While Washington and Seoul ramp up the rhetoric against the government in Pyongyang following their conclusion that the sinking of a Republic of Korea (South Korea) military ship was an intentional attack by Pyongyang’s navy, Beijing is publicly wondering if the ship actually sunk because it hit a US-placed mine in Korean waters. Because of this doubt, China is currently refusing to sign on to any sanctions against the nation of North Korea. While unable to ascertain the actual cause of the ship sinking with the information publicly available, it is difficult for this writer to not draw parallels to the destruction of the USS Maine in 1898. Like the sinking of the Republic of Korea’s boat, the circumstances of the Maine sinking were difficult to ascertain. Many historians belove that the explosion that caused the sinking was due to an internal fire on the ship, while the US government and its cohorts in the US media (especially William Randolph Hearst) blamed the sinking on a Spanish mine in the Cuban harbor where the explosion occurred. As any reader of US history knows, it was this sinking that provided the United States with the excuse it needed to chase Spain from the western hemisphere and begin the long march of modern US imperialism.
It is not my intention here to prove what or who is responsible for the sinking of the South Korean warship. However, it is useful if we review the history of the Korean peninsula over the past couple decades to understand how things got to the current situation. Foremost among recent causes leading to the present standoff between Pyongyang and Seoul are the election of George Bush in 2000 in the US and the election of Lee Myung-bak to the presidency of the Republic of Korea in 2007. Both men and the forces they represent are not only ideologically opposed to the regime in Pyongyang, they were and are determined to make that regime and its people suffer until the regime is gone. This is despite their public statements claiming they have no animosity toward the northern Korean people. Their actions speak otherwise. Despite the fact that the two states of the Korean peninsula are still officially at war, serious efforts were made to reconcile during the 1990s. These efforts increased substantially after a series of truce violations almost erupted into conflict in 1993. The southern Korean people elected an administration and legislature genuinely interested in rapprochement with their northern brethren. Despite US efforts to block it, aid flowed into the north and goodwill exchanges became a matter of course. Washington, meanwhile, did send aid for a few years but never did fulfill their end of the agreement made after the near war in 1993.

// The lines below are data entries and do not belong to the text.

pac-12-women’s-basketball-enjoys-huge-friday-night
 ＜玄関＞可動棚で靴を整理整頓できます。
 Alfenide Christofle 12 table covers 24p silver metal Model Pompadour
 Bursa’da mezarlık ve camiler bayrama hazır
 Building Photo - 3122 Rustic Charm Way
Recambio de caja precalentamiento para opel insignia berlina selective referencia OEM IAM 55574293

Then George Bush was elected in 2000. It wasn’t more than a year or so that Mr. Bush purposely turned back the clock on Washington’s approach to Pyongyang. After naming the Pyongyang regime part of a so-called “axis of evil,” the White House began to once again isolate the regime and refused to fulfill the remainder of the aforementioned 1993 accords. Pyongyang saw these moves as belligerent and restarted its nuclear weapons program, eventually producing a few nuclear bombs. The government in Seoul at the time was displeased with Washington’s belligerence but was unable to influence the much stronger nation’s change in policy. Pyongyang’s test of one of those weapons in 2006 heightened tensions in the region and gave room for Lee Myung-bak and other rightwingers in southern Korean politics an opening to take power.
Notoriously corrupt, Lee has managed to keep out of prison and consolidate both economic and political power. The first rightwing South Korean president since the 1980s, his actions include refusing to acknowledge the Kwangju rebellion memorial holiday as president and a series of economic policies that tend to favor the wealthy classes. His foreign policy is more in line with the desires of Washington than his predecessor, whom some Koreans criticized for what they perceived to be Seoul’s handouts to northern Korea without conditions. Lee’s government has restricted freedom of assembly and increased press restrictions as well as championing his Christian religion and putting into place policies that discriminate against Buddhists. His foreign policy is more in line with the desires of Washington than his predecessor, whom some Koreans criticized for what they perceived to be Seoul’s handouts to northern Korea without conditions These accusations logically return the debate back to why there are two Koreas in the first place.
As I wrote in a piece several years ago:
Near the end of the Second World War, right before the U.S. dropped the bomb on Japan, the Soviet Union moved into northern Korea to fight the occupying Japanese troops. Within weeks of Japan’s surrender, democratic groups of Korean peasants, merchants, and workers formed local governing organizations and begin to organize a national assembly. The U.S. and U.S.S.R., meanwhile, chose to maintain a “temporary” occupation of the country with the 38th parallel as the dividing line. This occupation was to end after the Koreans established their own government, and Korea was to reunite. However, after the United States realized that the makeup of any Korean-organized government would be anti-colonial, it reneged on its promise.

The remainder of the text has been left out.